BREWERY: Ruse Brewing
STYLE: Czech-style pilsner
With their Southeast Portland brewery not even open a full year, Ruse Brewing is already at the front of the pack of local beermakers, and while they’re best known for IPAs and farmhouse ales, these guys can apparently do anything with aplomb. There’s no better indication of this than their superb pilsner, a faithful take on a seemingly simple style that’s usually mismanaged or dumbed down by American craft breweries. Not so with Ruse’s, which leans toward the Czech style of pilsner (as opposed to the hoppier German style) and leads with a big burst of malt sweetness that’s perfectly balanced by Pacifica hops, combining West Coast ingredients with Old World craft.
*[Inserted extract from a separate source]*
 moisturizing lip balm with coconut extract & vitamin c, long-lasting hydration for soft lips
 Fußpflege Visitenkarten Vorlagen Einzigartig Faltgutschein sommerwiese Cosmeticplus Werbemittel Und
This terrific beer almost seems designed for crushing, and its presence in 16-ounce tallboys makes it incredibly easy to do so.
BREWERY: Heater Allen Brewing
STYLE: Kölsch-style ale
While Kölsch beer has a long tradition stemming from its origins in Cologne, Germany, Kölsch-style beers made in the US usually make for some pretty generic blondes, brewed quickly with ale yeast with hopefully as few off-flavors as possible. Historically, Kölsches are, by default, the most summery option on a Pacific Northwest brewpub menu. McMinnville’s Heater Allen is a step above. While these lager experts make plenty of beers that could contend with Kölsch on the summer spectrum, their Das Bier—newly in cans—is a straightforward summer sipper, with a mellow, lightly metallic flavor and a smooth finish.
Secret Spot Pacific Pale
BREWERY: Worthy Brewing
STYLE: Pale ale
While Bend’s Worthy Brewing has always had its beers easily available in cans, a redesign earlier this year unified each one’s graphic design so that their beers now conform to their new packaging standard. This makes it easier to pick one out of the lineup, and for the purposes of this lineup, we’ve selected their Secret Spot Pacific Pale, which—name notwithstanding—is actually more of an English-style pale ale (think: Bass) as opposed to the hoppier, lighter-colored West Coast version. Secret Spot is malt-forward with a very subdued hop presence and makes for a pleasant alternative to the IPAs and summer lagers that crowd the beer aisle. As we know, summer sometimes doesn’t get fully underway here until July 4, so good thing there’s this wood-forward, dark copper ale to get us through the lingering rainy days of May and June.